#### WHAT TO PRODUCE:
Everything in the data below except the pictures must be repeated word for word.

#### SUPPLIED INFORMATION:
Segment Open

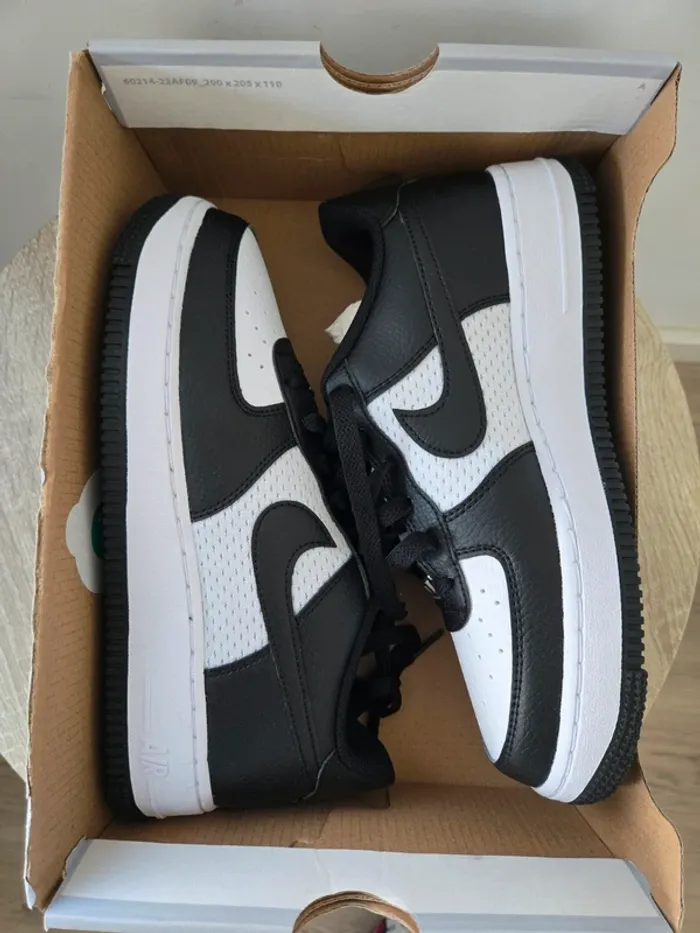 Nike air force 1 taille 38,5 neuves blanc noir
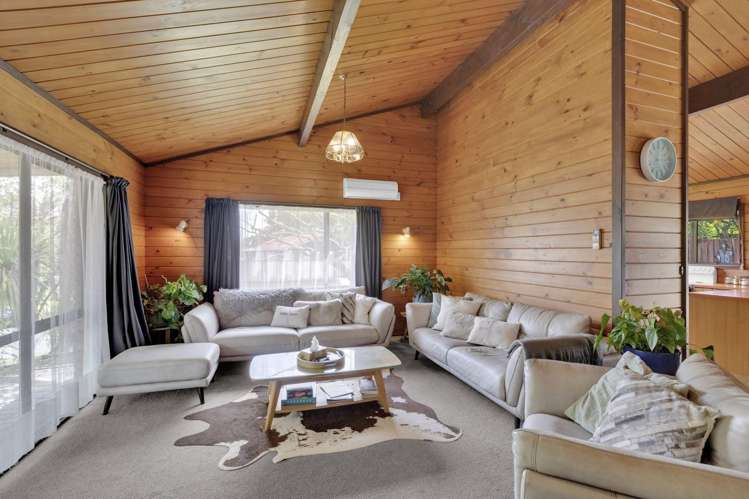 5 Marlowe Drive Leamington_23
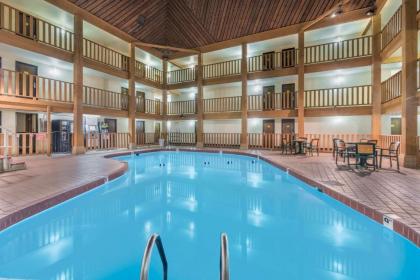 Super 8 by Wyndham Spearfish - image 8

Segment Closed

#### OUTPUT FOR THIS EXERCISE:
 Nike air force 1 taille 38,5 neuves blanc noir
 5 Marlowe Drive Leamington_23
 Super 8 by Wyndham Spearfish - image 8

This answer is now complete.